A hexdump of the last objects reveals us the encoded data:
00000000 7b 0a 20 20 22 4d 6f 6e 74 68 22 3a 20 22 46 65 |{. "Month": "Fe|
00000010 62 72 75 61 72 79 22 2c 0a 20 20 22 79 65 61 72 |bruary",. "year|
00000020 22 3a 20 32 30 32 34 0a 7d 0a 20 09 20 20 09 20 |": 2024.}. . . |
00000030 20 20 20 09 09 20 20 09 20 09 20 09 09 20 09 09 | .. . . .. ..|
00000040 20 20 20 09 09 20 09 09 20 20 20 09 09 20 09 09 | .. .. .. ..|
00000050 09 09 20 20 09 20 20 20 20 20 20 09 20 09 20 09 |.. . . . .|
00000060 09 09 20 09 09 20 09 09 09 09 20 09 09 09 20 20 |.. .. .... ... |
00000070 09 20 20 09 09 20 09 09 20 20 20 09 09 20 20 09 |. .. .. .. .|
00000080 20 20 20 20 09 20 20 20 20 09 20 20 20 20 09 20 | . . . |
00000090 09 20 |. |
00000092While not inherently remarkable, the intriguing aspect lies in the potential for encoding data within a JSON file. I’ve developed a script that reads data from various file formats, including executables, images, and videos. This script then transforms this data into the “insignificant” whitespace characters which can be added to a normal JSON object. Subsequently, a decoding program can revert this encoding to the original data from the JSON file, making the possibilities quite expansive.
In the following example I add an executable to a JSON object, validate it against a JSON processor and then decode it back to the original executable.

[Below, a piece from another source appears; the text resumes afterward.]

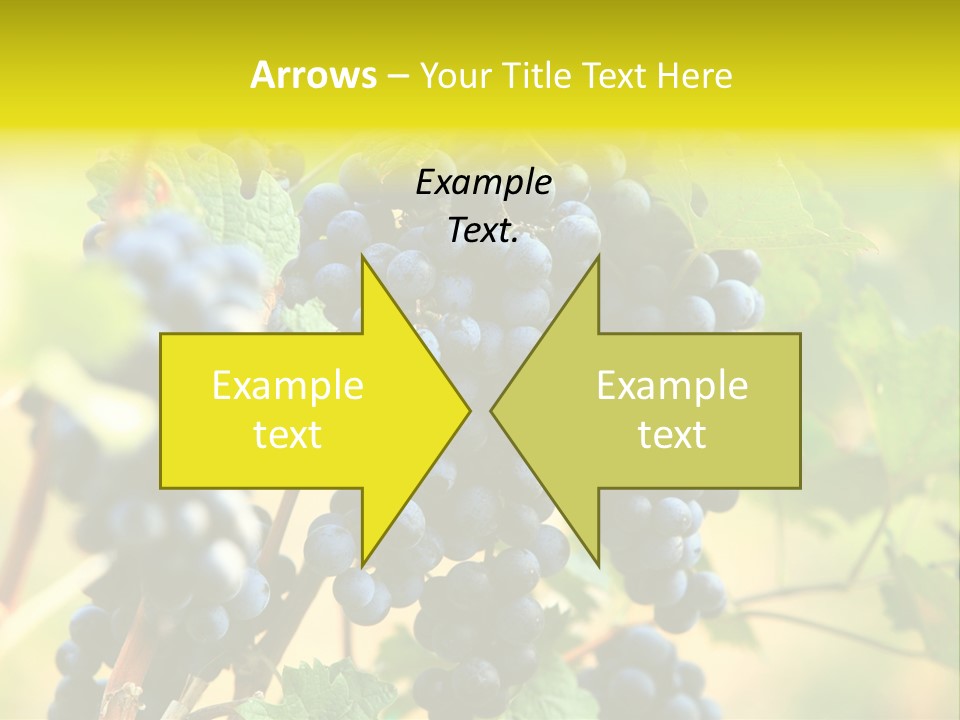 Bunch Vino Green PowerPoint Template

In scenarios where attackers seek to exchange data between compromised network segments for lateral movement or data exfiltration, especially in the presence of perimeter monitoring, JSON smuggling emerges as a potent technique. By leveraging this method, adversaries can effectively sidestep conventional malware detection rules, creating files that remain valid and innocuous on the surface.

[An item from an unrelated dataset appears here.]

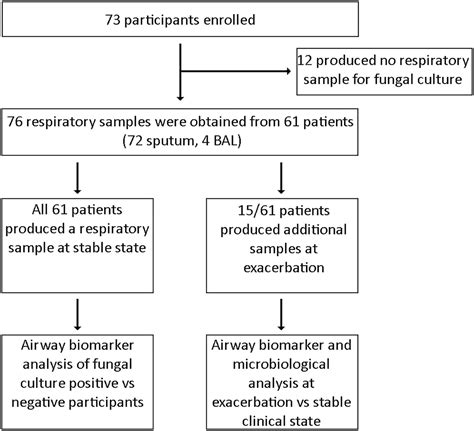 Frontiers Comparative Analysis Of Clinical Parameters And Sputum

Fortunately, YARA can aid in detecting JSON smuggling by identifying consecutive whitespace characters within the JSON structure. However, detecting these whitespace characters is a computationally intensive operation, so it might not be logical for your security setup. To illustrate, the following YARA rule provides a means to accomplish this detection:
/*
This Yara ruleset is under the GNU-GPLv2 license (http://www.gnu.org/licenses/gpl-2.0.html) and open to any user or organization, as long as you use it under this license.
*/
rule Detect_Hidden_Data_In_Files {
meta:
author = "Stefan Grimminck"
description = "Detects hidden data in files by identifying sequences of at least 8 consecutive whitespace characters."
date = "2024-02-05"
strings:
$hidden_data = /[\x20\x09\x0A\x0D]{8,}/ // Pattern for at least 8 consecutive whitespace characters
condition:
$hidden_data
}For many, the JSON smuggling technique may not initially pose a significant threat to their infrastructure. However, when integrated with intrusion frameworks, this method transforms into a potent tool for moving data within or beyond monitored networks, all while maintaining a low risk of detection.
Moreover, by employing more sophisticated encoding techniques utilizing the six insignificant characters, attackers can further minimize the size of the encoded payload, enhancing their stealth and efficacy in covert operations.
In summary, JSON smuggling is an intrusion evasion technique that utilizes insignificant whitespaces in the JSON specification to allow covert data transfer across monitored networks. It poses a risk for lateral movement and data theft within monitored perimeters. However, due to its niche nature and likely infrequent usage, detection may be challenging and resource-intensive. Despite these challenges, attackers can still exploit common formats for malicious purposes (XML isn’t save either ;) ).